We love working with data
The most rewarding data describe how things connect over time. For example, from the patterns of how people and products connect in dynamic consumer networks, we can predict how the system will evolve over time. Revealing the inner workings of interconnected systems is the core of network science and the heart of our passion for data.
For Martin, the love came true when he, after his Ph.D. in network science at the legendary Niels Bohr Institute in Copenhagen, moved to the University of Washington in Seattle to do his postdoc in 2006. There he started working on a grand challenge in network science: how to simplify and highlight essential regularities in networks into maps. Mapping networks is a holy grail of data science because in the myriad links and nodes of a network hide answers to how we can predict how the network will evolve. For example, who will buy what next in a consumer network?

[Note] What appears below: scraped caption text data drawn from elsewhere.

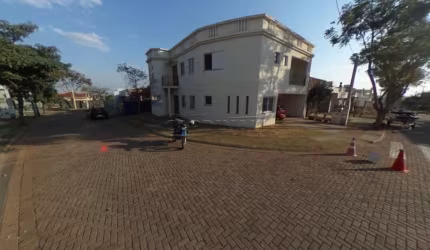 Casa Sobrado Condomínio em São Carlos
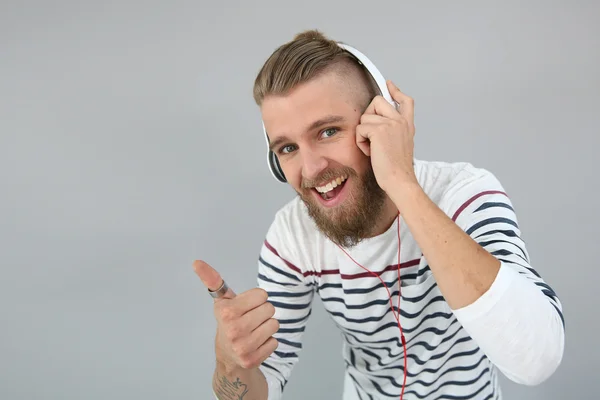 Tipo con auriculares en mostrar el pulgar hacia arriba —  Fotos de Stock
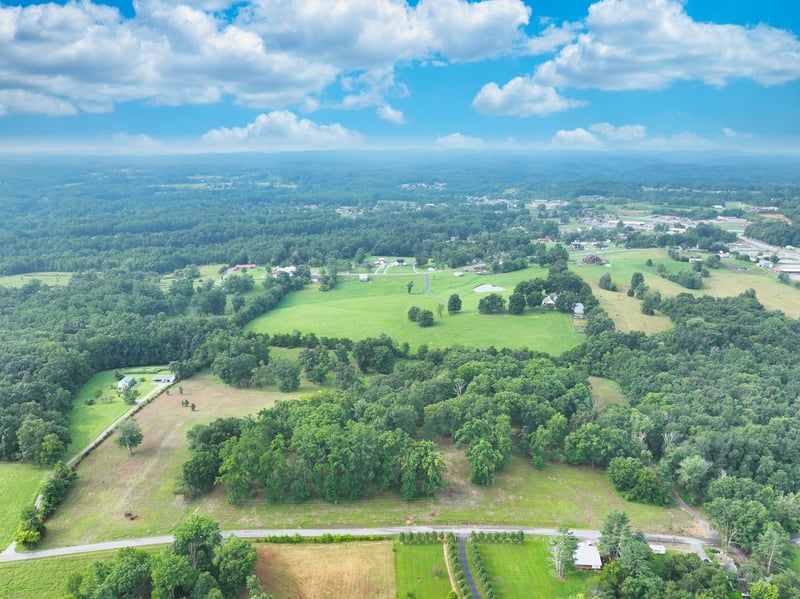 264 Lake Westmoreland Rd Lot 1, Westmoreland, TN 37186
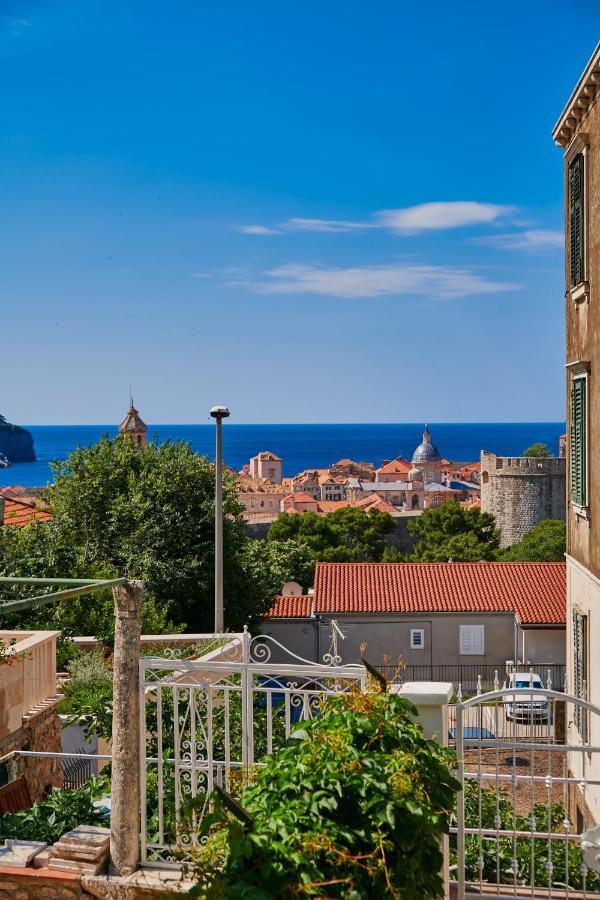 Newly Renovated Apt. Near To Entrance To Old Town Ντουμπρόβνικ Εξωτερικό φωτογραφία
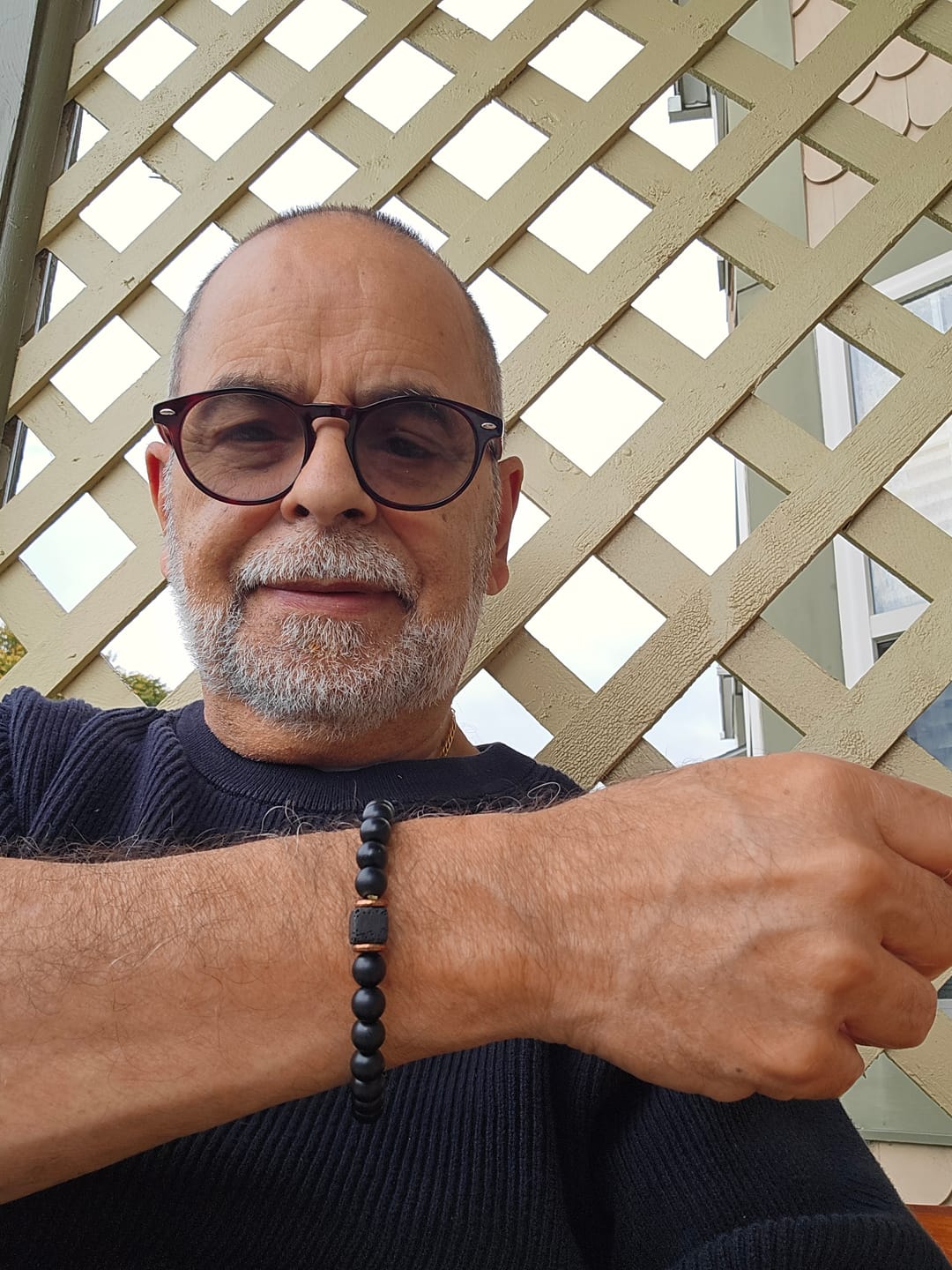 Customer photo review of Natural Lava Stone & Black Onyx Bracelet – Men’s Stretch Volcanic Stone Beads for Strength & Style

Based on information theory, we took a novel and advantageous approach to mapping networks. But coming up with the underlying math was not enough. Mapping large networks requires efficient algorithms as well. And comprehending and communicating the results required compelling visualizations such as our innovative alluvial diagrams for mapping change over time. Most researchers focus on one of the three aspects, the math, the algoritms or the visualizations, but we decided to go for all of them. It has paid off. Because when the right math, algorithms, and visualizations came together and worked in synergy, we immediately started making exciting discoveries in complex interaction data.

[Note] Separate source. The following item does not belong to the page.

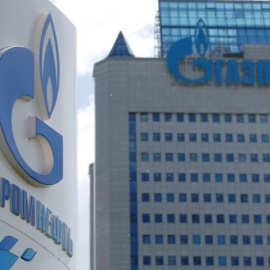 El logo de Gazprom en una estación de servicio cerca de la sede de la empresa energética, en Moscú.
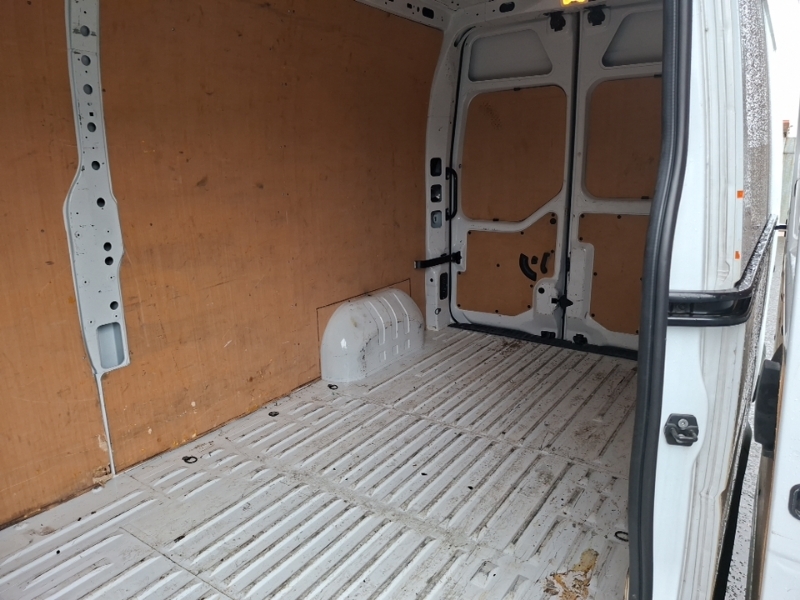 Renault Master Lm35dci 135 Business Medium Roof Van White #6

After we had shown maps of science and how it changes over time in ways that nobody had seen before, we soon received requests to help other researchers make good maps of their interaction data. We realized that we needed powerful tools for automating the process of going from raw data to insightful maps and discoveries. From 2009 at Umeå University, Martin started working with Daniel, who built the first interactive map and alluvial diagram generators. At the same time, Andrea's benchmark tests showed that our algorithms outperform other approaches. As a result, thousands of researchers have used our software available on mapequation.org. Moreover, the broad interest in our tools has allowed us to collaborate with many different researchers in exciting projects, including mapping change in the overnight money market with researchers from the Federal Reserve Bank of New York.
When Andrea joined our research team in 2014 after his postdoc at Northwestern University, we reached a critical mass of skills. With his landmark work on data-driven algorithms and skills to build interactive visualizations of large data sets such as Wikipedia and IMDb, we decided it was time to let people outside of academia to benefit from our research. We were fortunate to team up with Jakob and Niklas, who, thanks to more than 20 years combined of experience in media, e-commerce, and international business, have established the essential link between our research solutions and the industry data challenges.
By recruiting Christian, John, Florian, and Robert, who complement our skills for maximum productivity, we can realize our goal to develop an automated and self-learning analytical tool for transactional data with intuitive, interactive visualizations that empower people to convert their data into actions and insights. For people who are struggling to make use of their data with multiple incompatible software and tedious manual work, our tools can revolutionize their work by making it simple and rewarding to turn complex data into meaningful actions.
We want to help people exceed their goals, generate new knowledge, and be more productive. We want people to love their data.